The shares topped the blue chip risers’ board with a gain of 6 per cent or 81.5p to 1,395.5p.
Alastair McCaig, market analyst at IG, said: “The Budget had a distinct tilt towards the grey voter, as the often forgotten savers were finally handed a raft of benefits to tackle their dwindling savings returns. Unsurprisingly, companies like Hargreaves Lansdown, who specialise in these sectors, saw shares spike.”
The wider FTSE 100 Index was down 32.15 points or 0.5 per cent at 6,573.13 as bookmakers and pensions firms were seen as losing out from the latest fiscal statement.
William Hill and Ladbrokes dived by 6 per cent and 13 per cent respectively – to 354.4p and 138.75p – after the Chancellor increased the duty on fixed-odds betting terminals to 25 per cent.
However, Mecca bingo hall owner Rank rose 6.6p to 150.8p, a rise of 5 per cent, after bingo duty was halved to 10 per cent.
Rank, which currently operates 97 clubs, said that as a result of the duty change it would invest in the development of three new clubs and that the future of a number of existing clubs would be secured.

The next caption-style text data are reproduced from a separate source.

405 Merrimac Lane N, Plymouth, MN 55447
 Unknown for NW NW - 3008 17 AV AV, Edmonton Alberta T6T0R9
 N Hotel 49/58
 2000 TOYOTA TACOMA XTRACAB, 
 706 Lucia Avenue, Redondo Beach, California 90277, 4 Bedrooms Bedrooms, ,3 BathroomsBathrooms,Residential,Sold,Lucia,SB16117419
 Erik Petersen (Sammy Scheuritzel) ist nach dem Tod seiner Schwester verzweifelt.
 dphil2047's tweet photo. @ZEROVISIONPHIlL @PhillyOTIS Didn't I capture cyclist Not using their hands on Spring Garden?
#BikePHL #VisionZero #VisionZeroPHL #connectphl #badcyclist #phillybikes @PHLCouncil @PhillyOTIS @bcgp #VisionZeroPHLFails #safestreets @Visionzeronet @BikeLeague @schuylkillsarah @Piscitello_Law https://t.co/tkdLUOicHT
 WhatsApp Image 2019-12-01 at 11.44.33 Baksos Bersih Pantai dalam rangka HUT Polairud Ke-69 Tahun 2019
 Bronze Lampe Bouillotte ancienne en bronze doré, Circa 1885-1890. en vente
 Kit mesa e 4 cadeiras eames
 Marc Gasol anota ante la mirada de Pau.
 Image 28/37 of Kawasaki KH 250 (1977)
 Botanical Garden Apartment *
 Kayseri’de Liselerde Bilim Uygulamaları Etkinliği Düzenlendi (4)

In a quiet session for corporate news, engineering conglomerate Smiths fell sharply after posting a 4 per cent drop in first half underlying pre-tax profits to £215 million as strength in commercial markets was offset by ongoing challenges in the healthcare and defence markets. Shares were down 3 per cent or 46p to 1,305p.
Meanwhile, upgrades from broker UBS helped engine giant Rolls-Royce. Its shares jumped 12p to 1,072p after being switched from “sell” to “buy”.